Too bad for Emacs users. No, I don't see how that usually makes more sense,
whether it is common or not. Especially in the case of a non-interactive
function that has not particularly been advertised (e.g. in the Emacs-Lisp
manual), to me it makes more sense to change the function name when the
signature changes that much. (Simply adding parameters is of course not a
problem, if &optional or &rest is used to maintain backward compatibility.)

    Some functions are known to be "exported"

I don't know what you mean here. Do you mean documented in the manual?

    in which case we have to be
    careful, which is already a pain in the _|_ at times, but if we start to
    have to be careful like that with each and every function, it's
    going to be *really* annoying.

Annoyance to developers is important, but it is not as important as clean
software and clear software maintenance. Some developers have always felt
that the effort required to be user-friendly was simply a pain in the _|_
and a waste of their time and creativity. Most, fortunately, out-grow that,
or they learn better from being also users or maintainers of code written by
others.

Take me back a few decades, when writing clear code and commenting it was
considered, well wimpy. I knew a Lisp programmer who never, ever used any
whitespace that was not syntactically significant - tons of code in one long
line (no exaggeration). His personal shortcuts weren't limited to saving
whitespace (which could have been gotten around by pretty-printing). He was
brilliant and Lisp was about his only mode of thought, but his code was
considered strictly personal - no one wanted to try to modify, reuse, or
understand it.

To him it was "pretty common" to save time and space in his own way and it
would have been "*really* annoying" to write code that something other than
a Lisp machine or byte-compiler could read. He was, yes, very fast and very
good. He and his code just didn't play well with others.

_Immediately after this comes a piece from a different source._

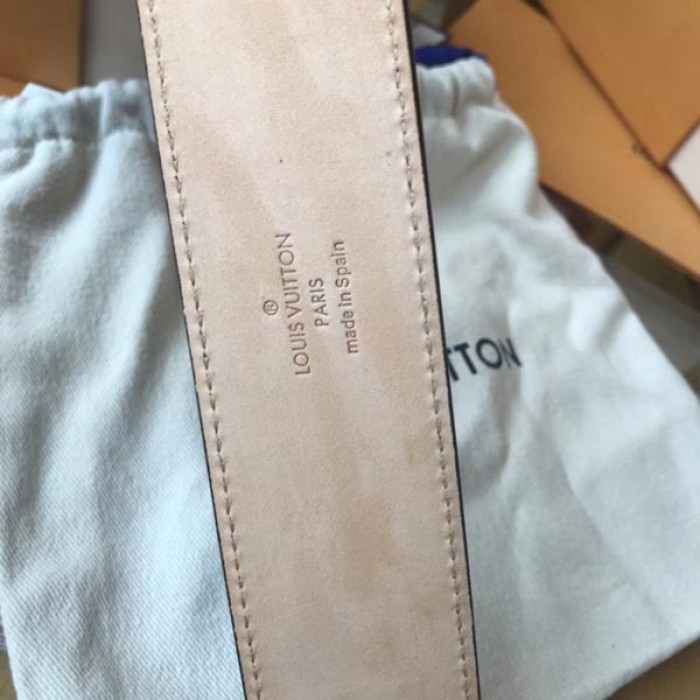 LV Damier Ebene Initiales Belt M9807 Brushed Gold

    Next time around you'll come and complain that Emacs-22.1
    defined foo-titi
    and when its interface was changed in Emacs-22.4 the name was changed to
    foo-toto, and when the interface was changed yet again in
    Emacs-23.1 the name
    was changed to foo-titi ('cause the coder didn't know that name
    had already
    been in use a few years back), so now you again have no way to
    tell whether
    foo-titi uses the Emacs-22.1 or the Emacs-23.1 convention.

That would still be one problem less. That is, the same problem might
conceivably resurface, as you point out, but only in a much more limited and
less likely situation.

As far as I can see, you've simply pointed out an additional (unlikely)
problem to be tackled, not an argument for the status quo.

My general point is that Emacs users, more than users of other applications
(non-free and perhaps even other free applications), also read and reuse
Emacs source code. Keeping an eye out for how users might be affected by
source-code changes would be a *good thing*. I know the stock answer is that
Emacs developers don't care about backward compatibility, but some Emacs
users do: users who develop external libraries.

Do those users matter to Emacs development? Should you care about them? Put
it another way: How many useful Emacs features were imported from code
written originally by users as external libraries?